**What the task requires:** The records that follow must be repeated exactly, except for their pictures.
—————
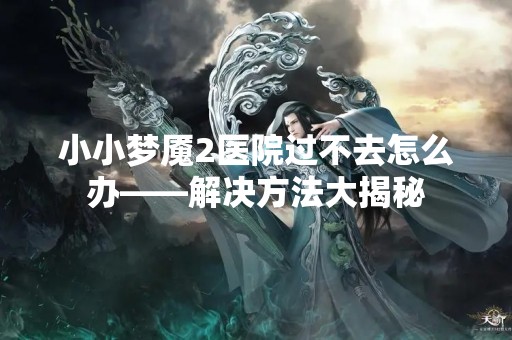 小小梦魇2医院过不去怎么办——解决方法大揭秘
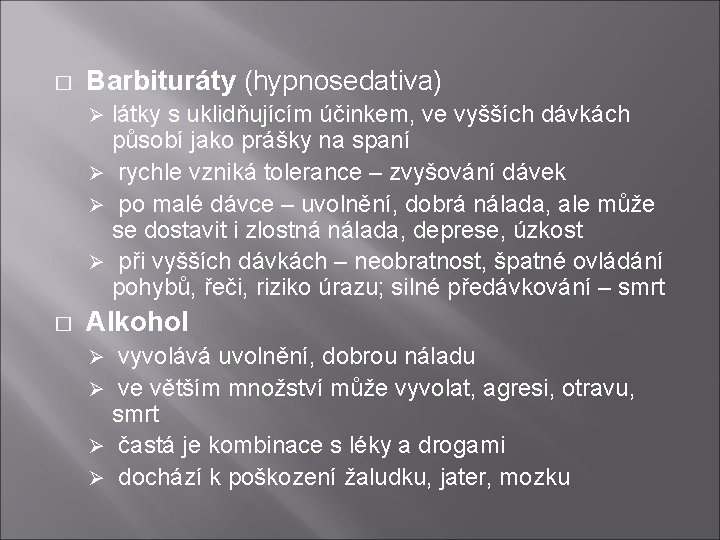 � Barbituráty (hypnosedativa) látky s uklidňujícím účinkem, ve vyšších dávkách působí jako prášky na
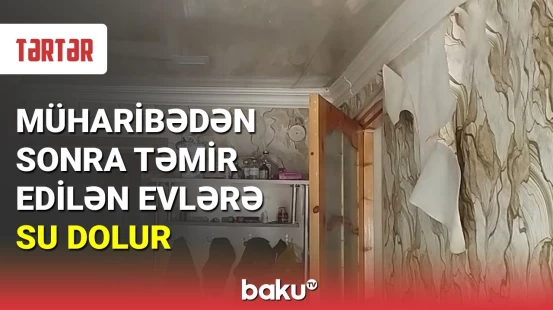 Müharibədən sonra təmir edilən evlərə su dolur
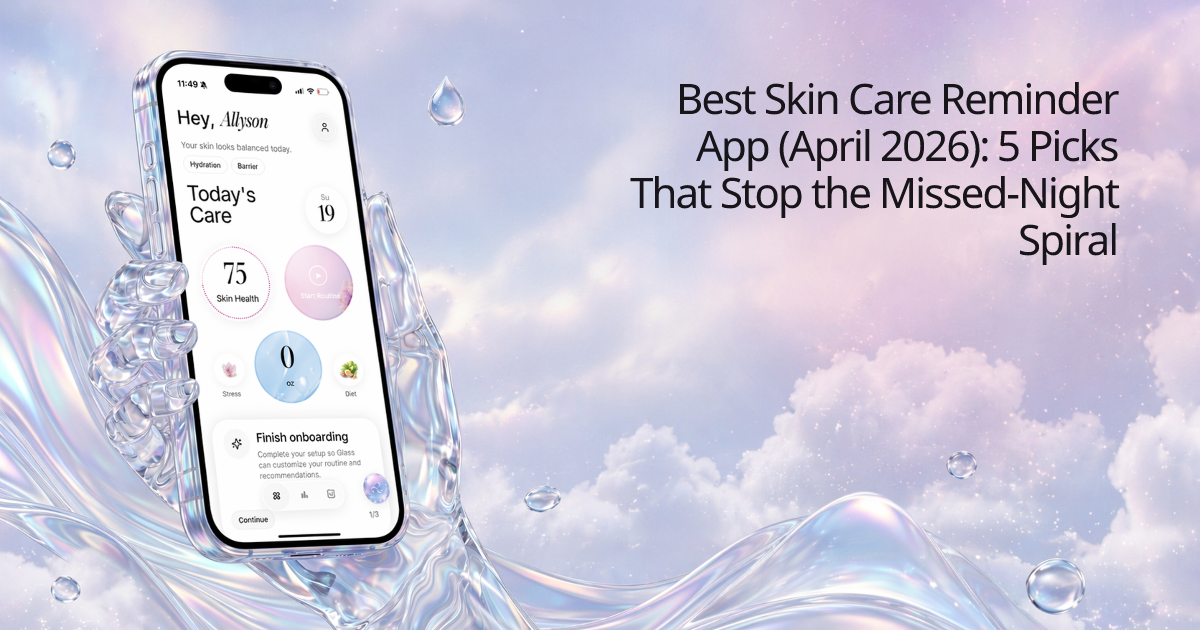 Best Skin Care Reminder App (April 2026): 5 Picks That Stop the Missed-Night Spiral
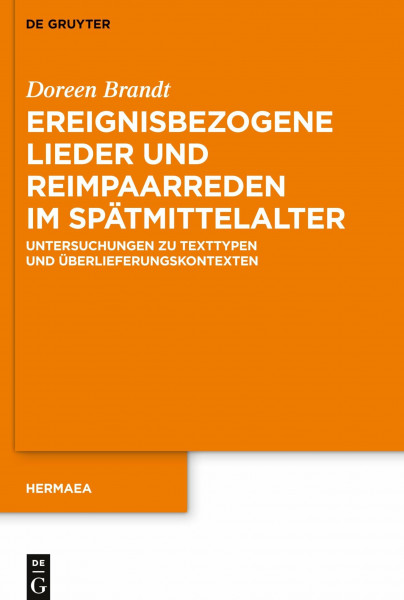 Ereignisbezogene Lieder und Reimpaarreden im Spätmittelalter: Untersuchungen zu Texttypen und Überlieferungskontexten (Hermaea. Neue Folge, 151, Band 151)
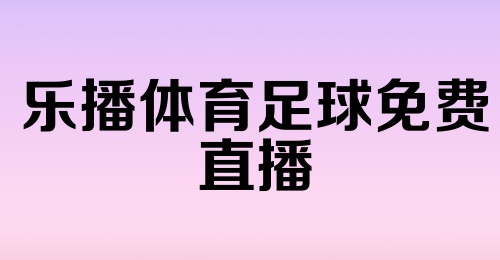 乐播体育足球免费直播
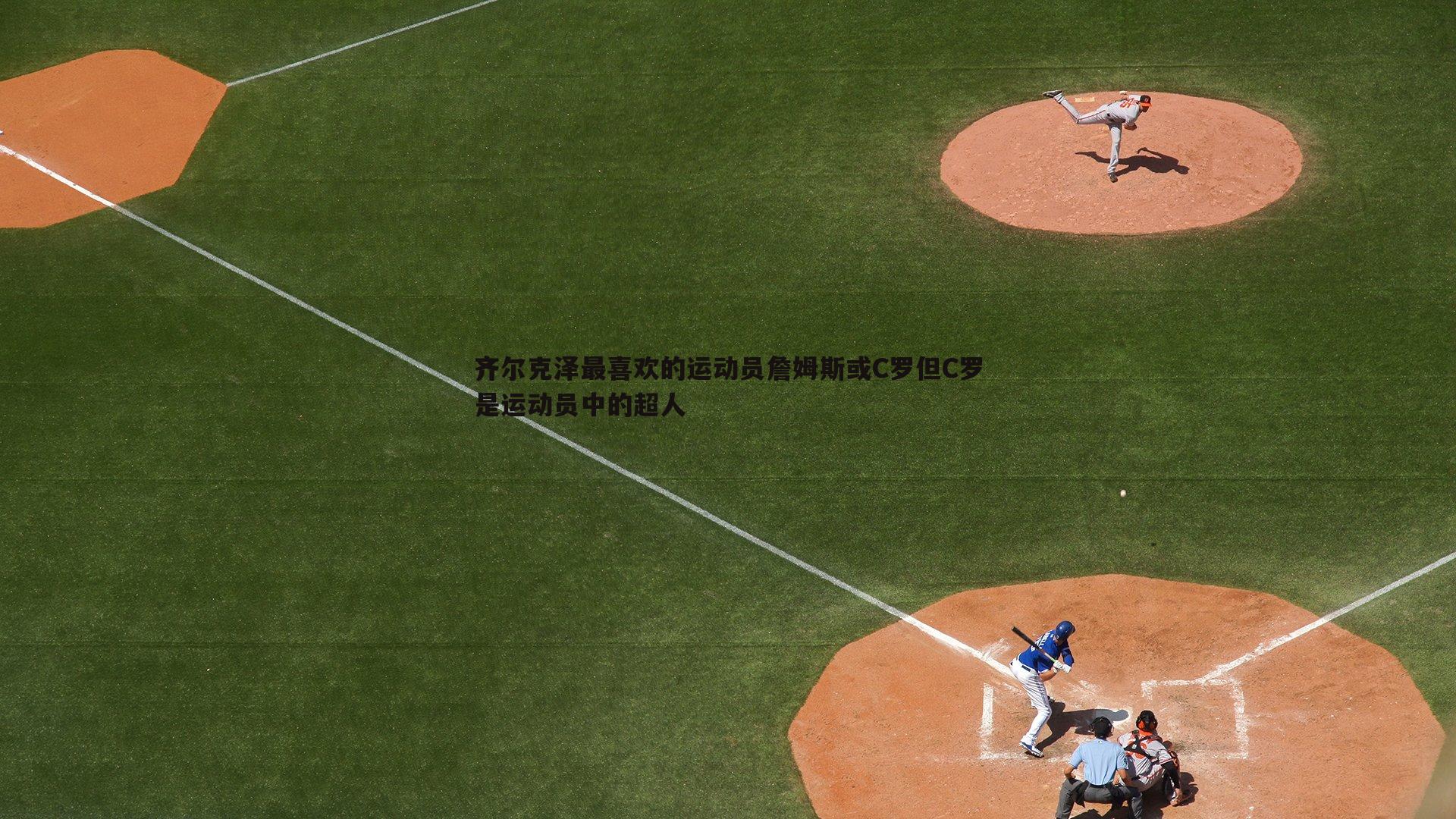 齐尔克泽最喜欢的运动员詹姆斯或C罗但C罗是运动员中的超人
—————
**Expected answer:**
 小小梦魇2医院过不去怎么办——解决方法大揭秘
 � Barbituráty (hypnosedativa) látky s uklidňujícím účinkem, ve vyšších dávkách působí jako prášky na
 Müharibədən sonra təmir edilən evlərə su dolur
 Best Skin Care Reminder App (April 2026): 5 Picks That Stop the Missed-Night Spiral
 Ereignisbezogene Lieder und Reimpaarreden im Spätmittelalter: Untersuchungen zu Texttypen und Überlieferungskontexten (Hermaea. Neue Folge, 151, Band 151)
 乐播体育足球免费直播
 齐尔克泽最喜欢的运动员詹姆斯或C罗但C罗是运动员中的超人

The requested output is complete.